Speaker information: Ask speakers to give you their manual and speech number, objectives, title, and requested time. Be alert for advanced speeches that require more time.

Evaluators: Let evaluators know whom and which manual speech they will be evaluating. Also give this information to the General Evaluator.

Theme/Word of the Day: (Optional) Choose theme and/or word of the day.  A Theme for the Day provides a framework for introductory remarks for each participant (e.g., for a Christmas theme, you may introduce each participant by mentioning what they will be doing for Christmas). A meeting in the "real world" would already have a theme.

A Word of the Day should be a word that will help us increase our vocabulary -- a word that can easily be incorporated into everyday conversation but which is different from the way we usually express ourselves. An adjective or adverb is suggested. This activity challenges each speaker to alter his or her prepared remarks to incorporate an idea from a previous speaker.

Timer: Just before the meeting, notify the Timer of each speaker's requested time.


Agenda: Write the names of Speakers, Evaluators, etc., on a board or easel, or pass out a printed meeting agenda.  If a meeting participant does not arrive, assign someone else at the beginning of the meeting.  Remember -- you are in charge; if members are shy about volunteering, then assign the role to someone.

Introducing speakers: When introducing a speaker, mention the manual and speech #, speech objective, speech title and target duration (e.g., James is giving speech #1 from the Communication and Leadership Program, The Ice Breaker, which is a 4-6 minute speech, and his speech is titled "All About Me").

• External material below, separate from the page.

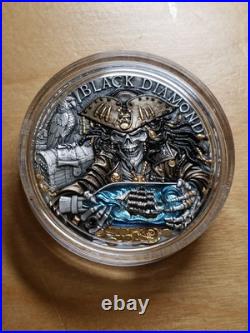 2025 Black Diamond 2 oz High Relief Antiqued Silver Coin By T&S Coin NIUEMint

Shaking Hands: Whenever transferring the meeting to a speaker, evaluator, etc., hand the meeting off with a handshake. Allow the participant to pass in front of you (not behind you) as they take the floor. When they are done, they should return the meeting to you with a handshake, allowing you to pass in front of them. In other words, the person taking the floor moves to the front and is closest to the audience. This clarifies who is in charge at any given moment.

Clapping: After making an introduction, you start the clapping and keep it up until the participant has reached the front of the room and has shaken your hand. Clapping is for welcoming and thanking the participant. You set the supportive tone!

Time: Part of your job is make sure we start at 7:30pm and end at 9:00pm. Ways to adjust the overall meeting time include limiting the number of Table Topics, asking the Table Topics Master, Grammarian, AH Counter, and General Evaluator to be brief, and abbreviating your own introductory remarks. Typically, if the Table Topics end before 8:00pm, the meeting will end on time.

Guests: If guests or new members are present, please briefly explain the purpose of each participant as part of their introduction. For example, "the purpose of the evaluator is to give the speaker immediate feedback and to give the evaluator training in critical listening and impromptu speaking."

Word of the day: If you are using a word-of-the-day, explain that speakers should try to use this word during the meeting.

Sample Meeting Agenda

7:30pm President (or presiding officer)

  • Call to order
  • Pledge of Allegiance
  • Welcome guests
  • Introduce Toastmaster of the Day

7:40pm Toastmaster

  • Introductory remarks
  • Verify agenda (fill any missing roles)
  • Word and/or theme of the day (optional)
  • Introduce Table topics Master

7:45pm Table Topics Master

  • Call upon members and participating guest for Table Topics
  • Timekeeper's report (Brief.)
  • Voting for best Table Topic Speaker

8:00pm Break

8:10pm Toastmaster

  • Introduce Speaker 1
  • Speaker 1
  • (one minute for audience to complete evaluation forms)
  • Introduce Speaker 2
  • Speaker 2
  • (one minute for audience to complete evaluation forms)
  • Introduce Speaker 3
  • Speaker 3
  • Timekeeper's report (Brief.)
  • Evaluator 1
  • Evaluator 2
  • Evaluator 3


  • Ah Counter
  • Grammarian
  • Club Listener
  • Jokmaster
  • General Evaluator

8:55pm President (or presiding club officer): Announcements

9:00pm Adjourn


Make sure that the Vice President Education knows who spoke during your meeting and which manual speeches they gave.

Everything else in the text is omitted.